● **WORK TASK**: The entries below contain pictures, which are to be left out; write out exactly, and only, the lines from the line with "Faded floral fresco rug" up to and including the line with "A modern kitchen".

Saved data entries
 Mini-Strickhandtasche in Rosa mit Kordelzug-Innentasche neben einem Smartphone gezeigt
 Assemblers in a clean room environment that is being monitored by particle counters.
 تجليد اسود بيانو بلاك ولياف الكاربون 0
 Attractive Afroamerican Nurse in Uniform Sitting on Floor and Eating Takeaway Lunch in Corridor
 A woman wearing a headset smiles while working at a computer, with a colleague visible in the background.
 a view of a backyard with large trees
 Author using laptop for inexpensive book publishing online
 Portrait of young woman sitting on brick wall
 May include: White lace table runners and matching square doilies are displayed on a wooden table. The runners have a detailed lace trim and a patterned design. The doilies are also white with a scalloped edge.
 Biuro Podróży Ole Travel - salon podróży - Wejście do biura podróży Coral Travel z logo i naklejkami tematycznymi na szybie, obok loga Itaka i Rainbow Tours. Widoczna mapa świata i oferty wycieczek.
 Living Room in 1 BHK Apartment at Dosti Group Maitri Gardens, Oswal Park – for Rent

==

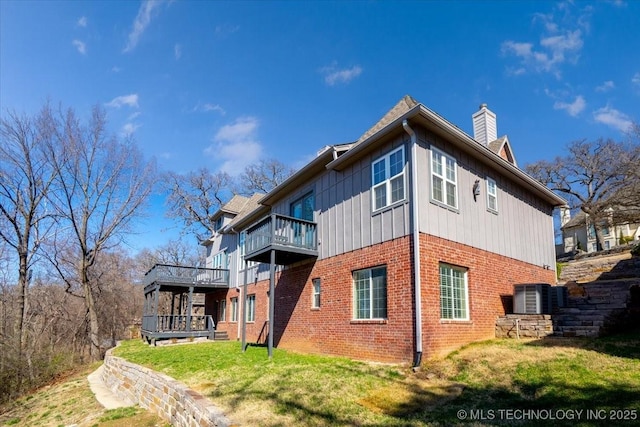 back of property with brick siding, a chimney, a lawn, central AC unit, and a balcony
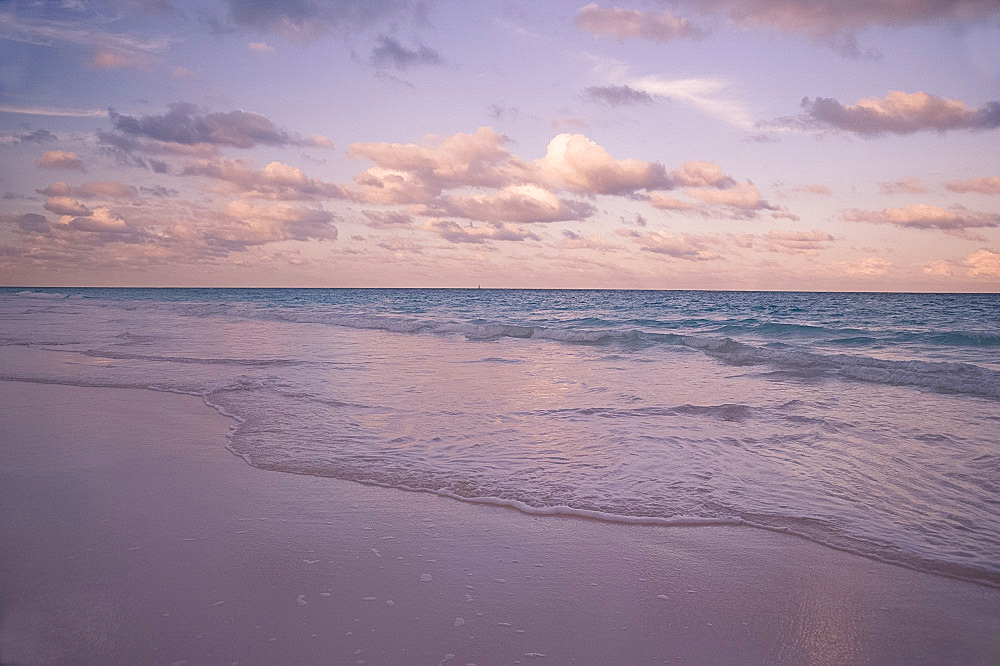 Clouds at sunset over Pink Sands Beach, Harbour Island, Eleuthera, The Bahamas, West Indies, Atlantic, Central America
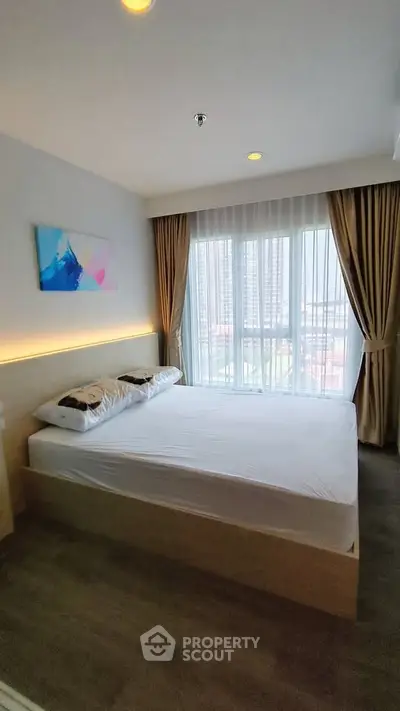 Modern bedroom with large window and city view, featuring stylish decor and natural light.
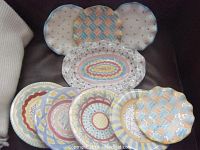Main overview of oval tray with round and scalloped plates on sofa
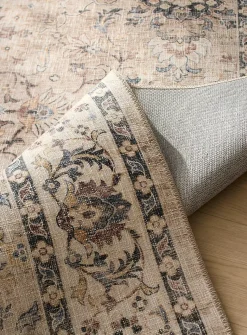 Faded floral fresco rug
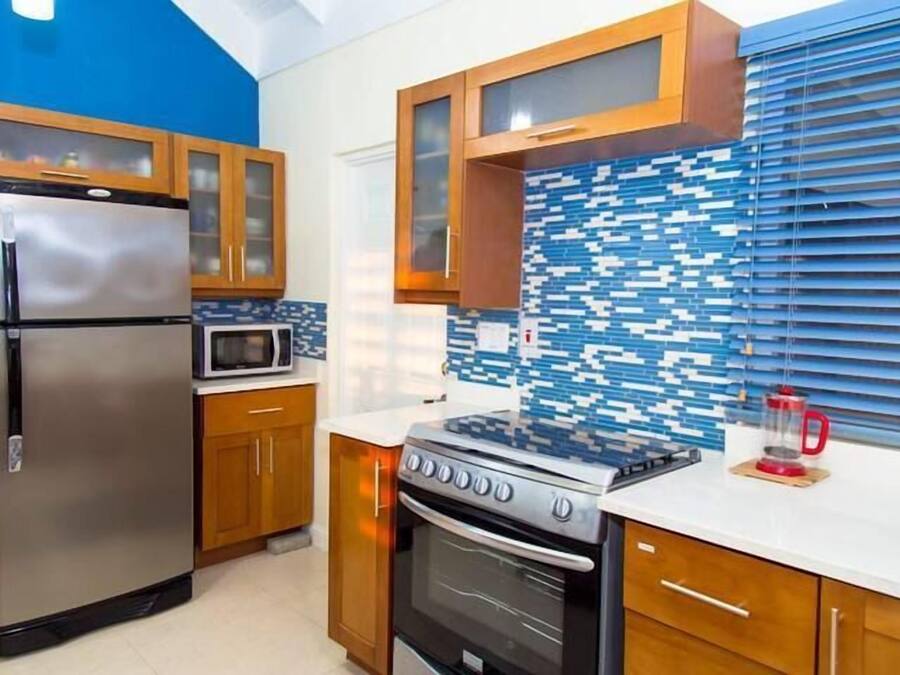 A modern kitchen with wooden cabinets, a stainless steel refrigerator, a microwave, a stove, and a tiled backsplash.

● **FINISHED EXERCISE**:
 Faded floral fresco rug
 A modern kitchen with wooden cabinets, a stainless steel refrigerator, a microwave, a stove, and a tiled backsplash.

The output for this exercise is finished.